Material for this exercise below:
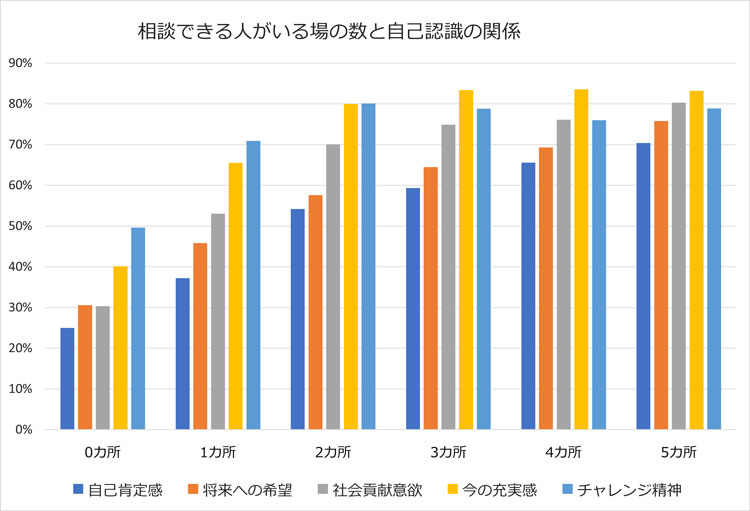 グラフ:相談できる人がいる場の数と自己認識の関係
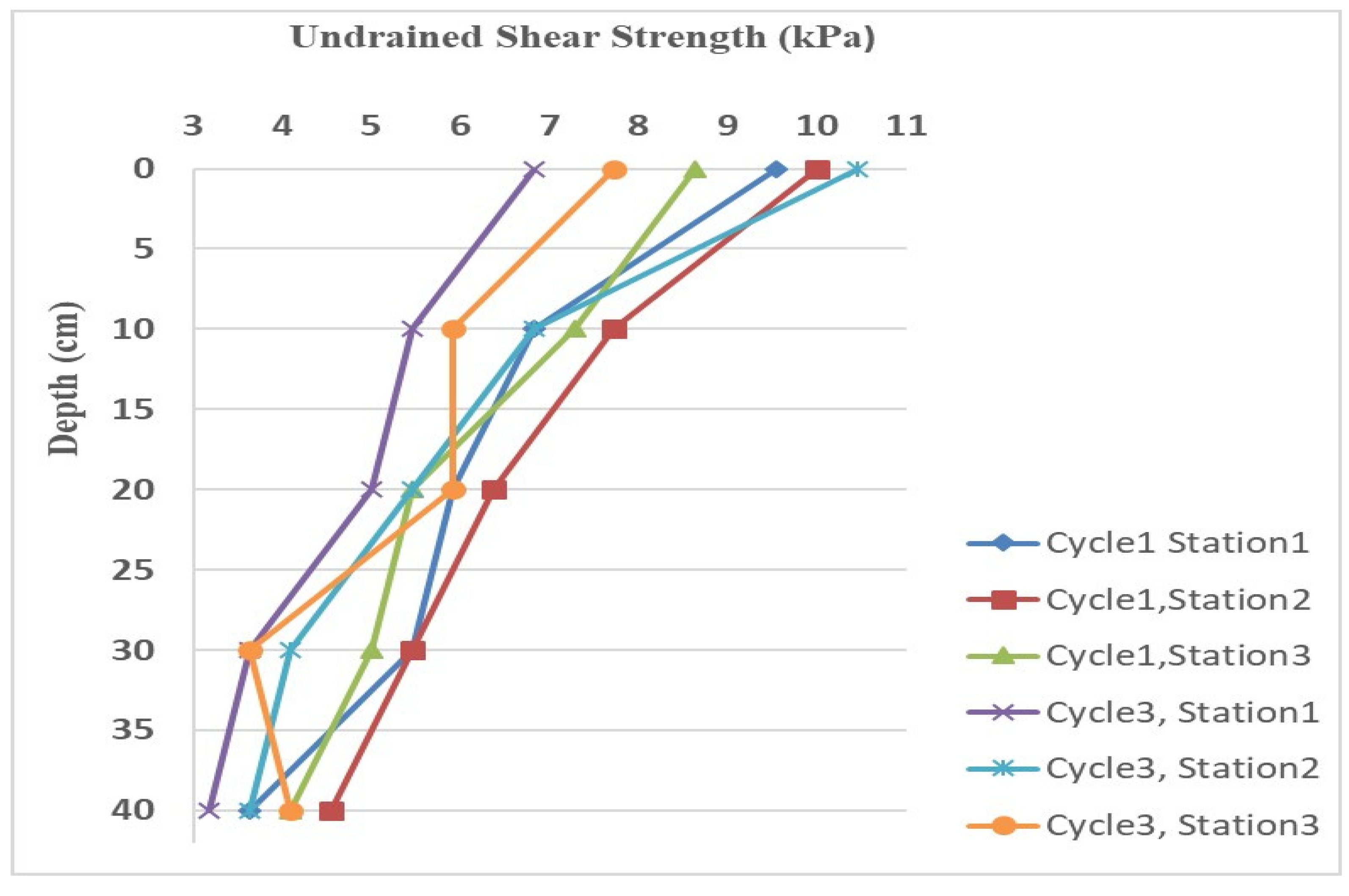 Preprints 157020 g005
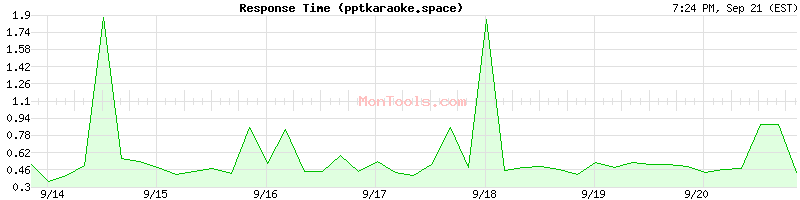 pptkaraoke.space Slow or Fast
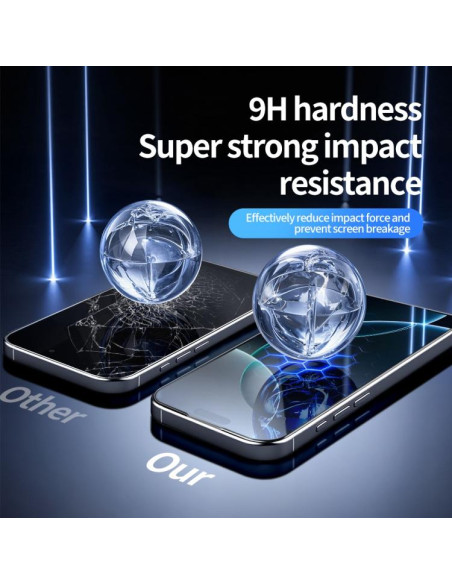 Vetro Temperato iPhone 14/13/13 Pro | Melacompro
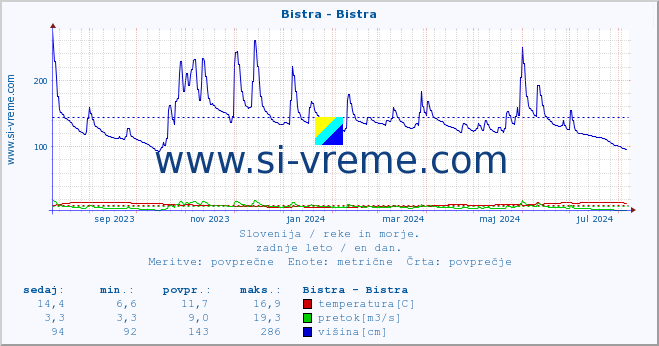 POVPREČJE :: Bistra - Bistra :: temperatura | pretok | višina :: zadnje leto / en dan.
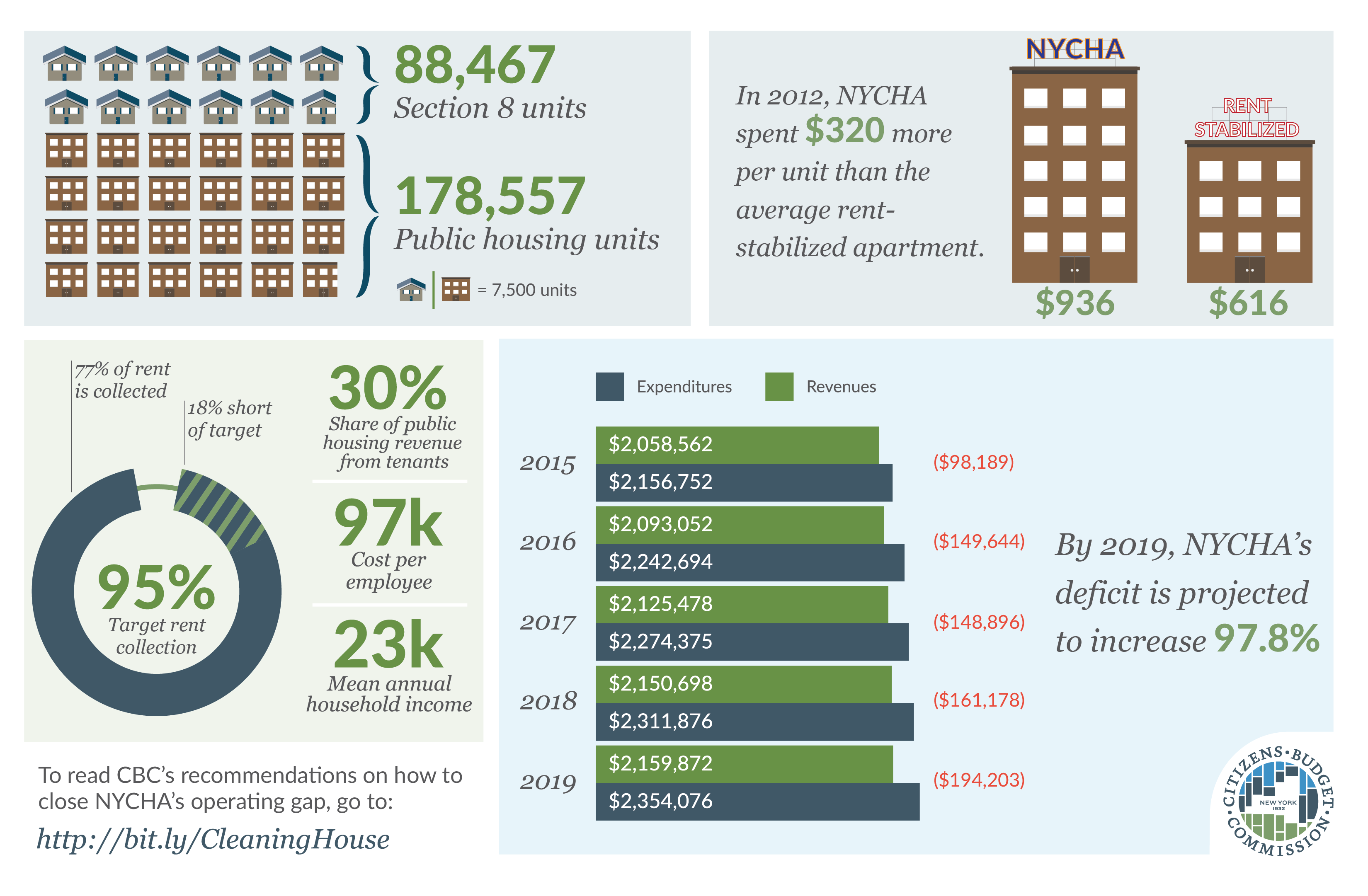 Facts about NYCHA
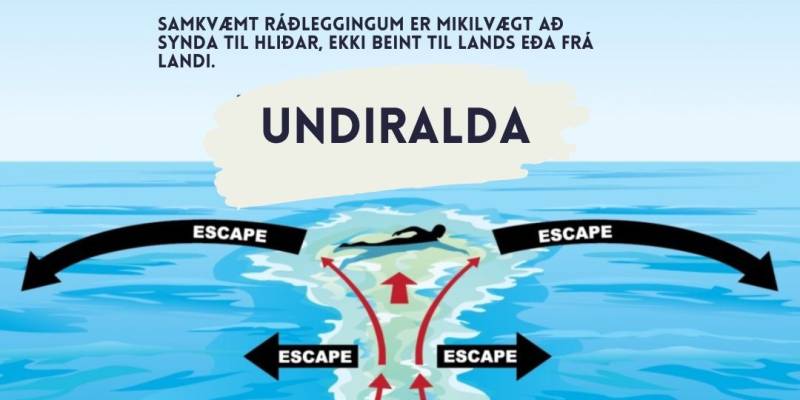 Viðvörun - undiralda við strandir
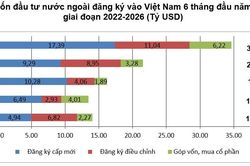 6 tháng đầu năm 2026: Thu hút vốn đầu tư nước ngoài đạt hơn 34 tỷ USD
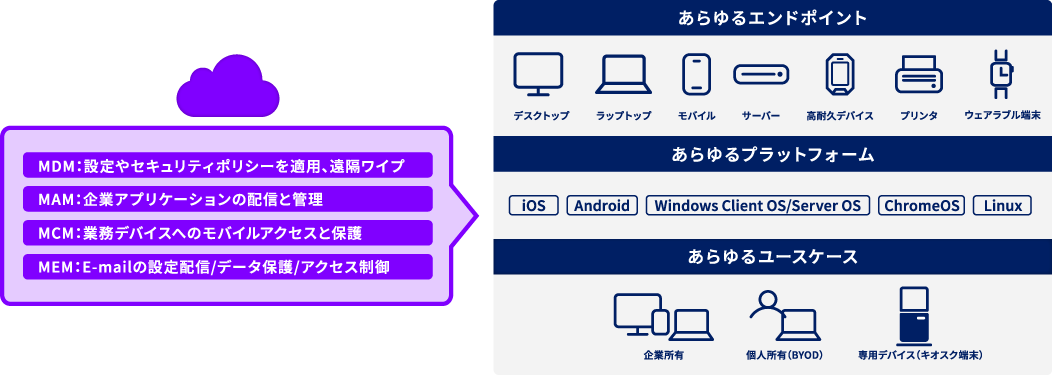 社内外の全デバイスをクラウドで一元管理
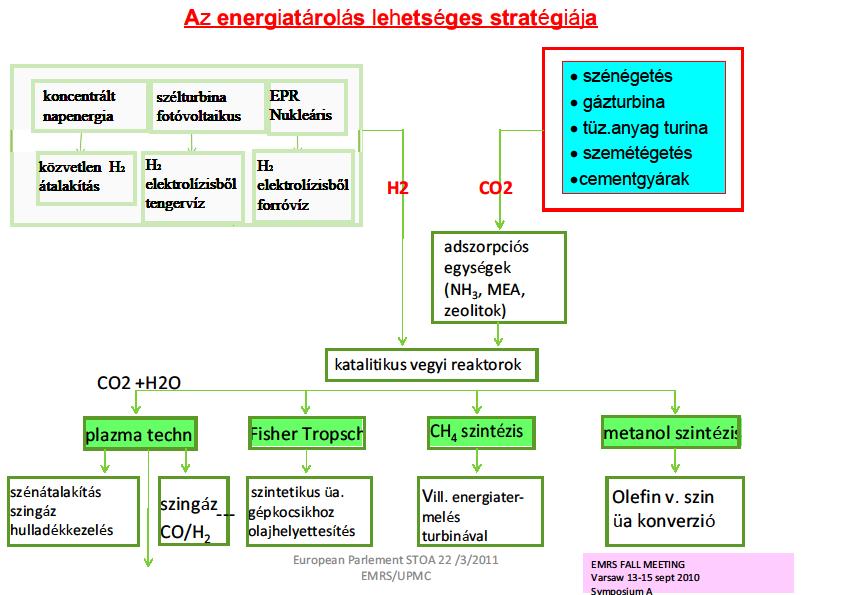 Energiatárolási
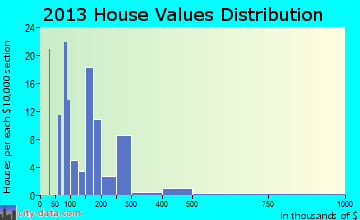 Cedar Key home values distribution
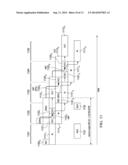 Real-Time Scheduling Method with Reduced Input/Output Latency and Improved     Tolerance for Variable Processing Time diagram and image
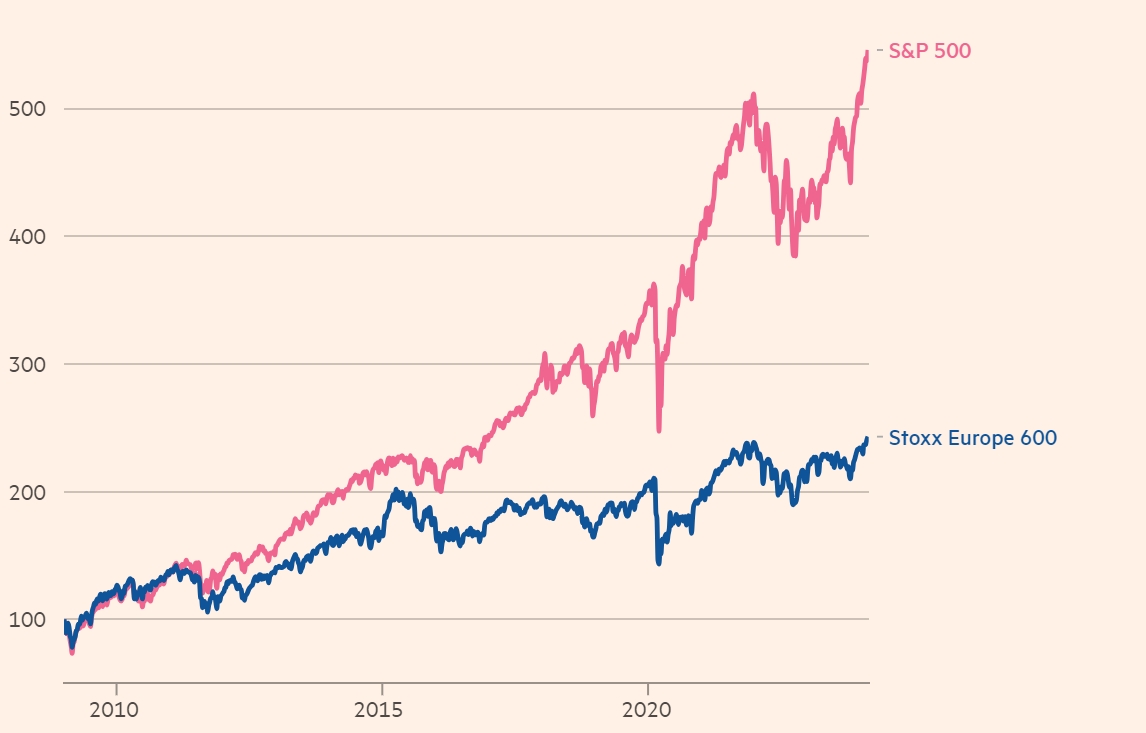 全球热门投资巡礼之欧股篇:"十一骑士"手捧中国复苏之花而来|欧洲
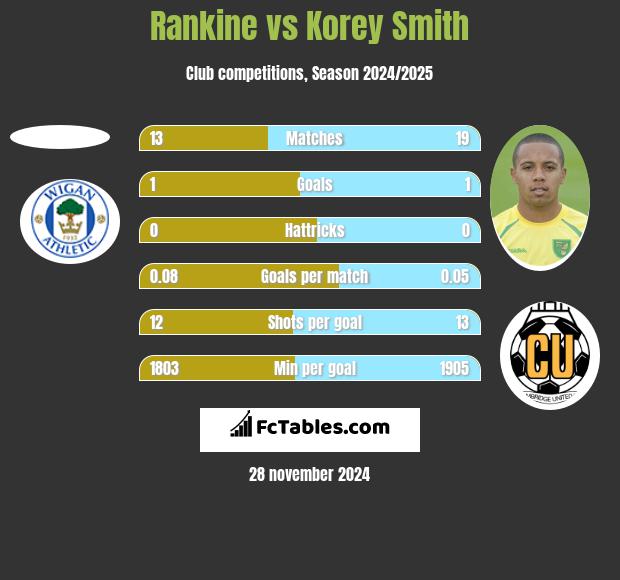 Rankine vs Korey Smith h2h player stats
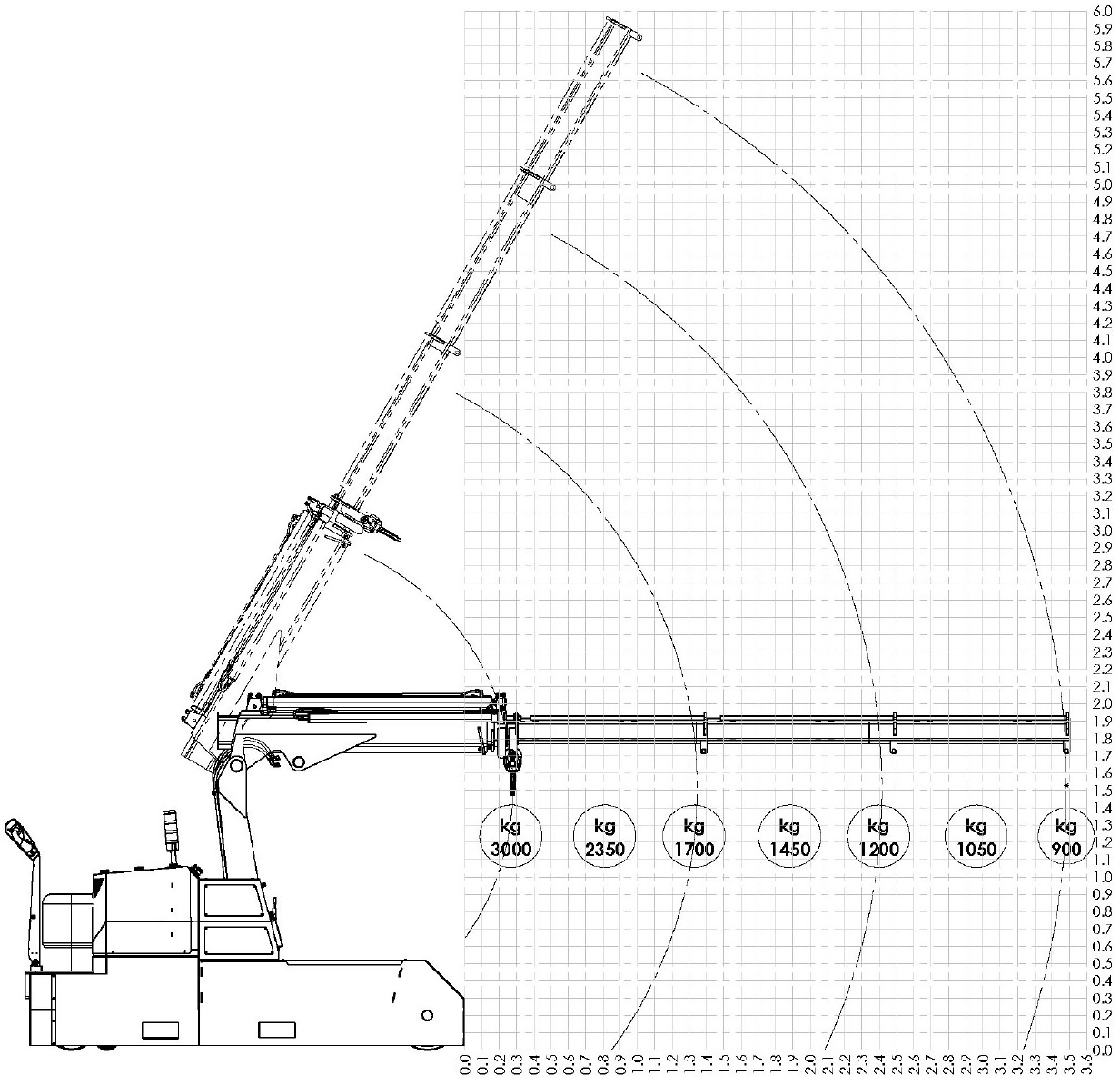 Mobil verkstadskran Flex F3000, Maxlast: 3000-900 kg / Max utligg : 3500 mm - 4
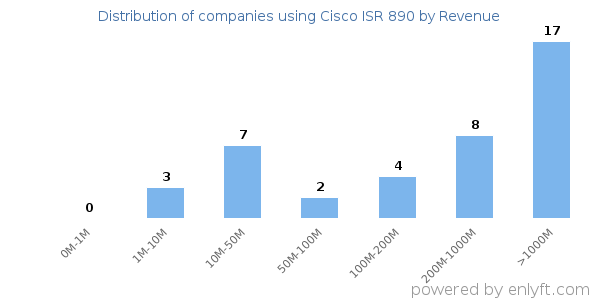 Cisco ISR 890 clients - distribution by company revenue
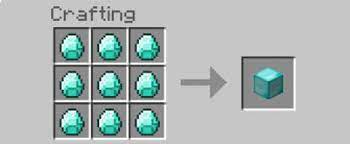 Please follow the following steps to craft diamond tools . How To Make Blocks Of Ore And Minerals In Minecraft Dummies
End of Material for this exercise.
Task to carry out >>
Every line from the one containing "Cisco ISR 890" to the final line of the records should be duplicated exactly; no picture is to be copied.

Output for this task >>
 Cisco ISR 890 clients - distribution by company revenue
 Please follow the following steps to craft diamond tools . How To Make Blocks Of Ore And Minerals In Minecraft Dummies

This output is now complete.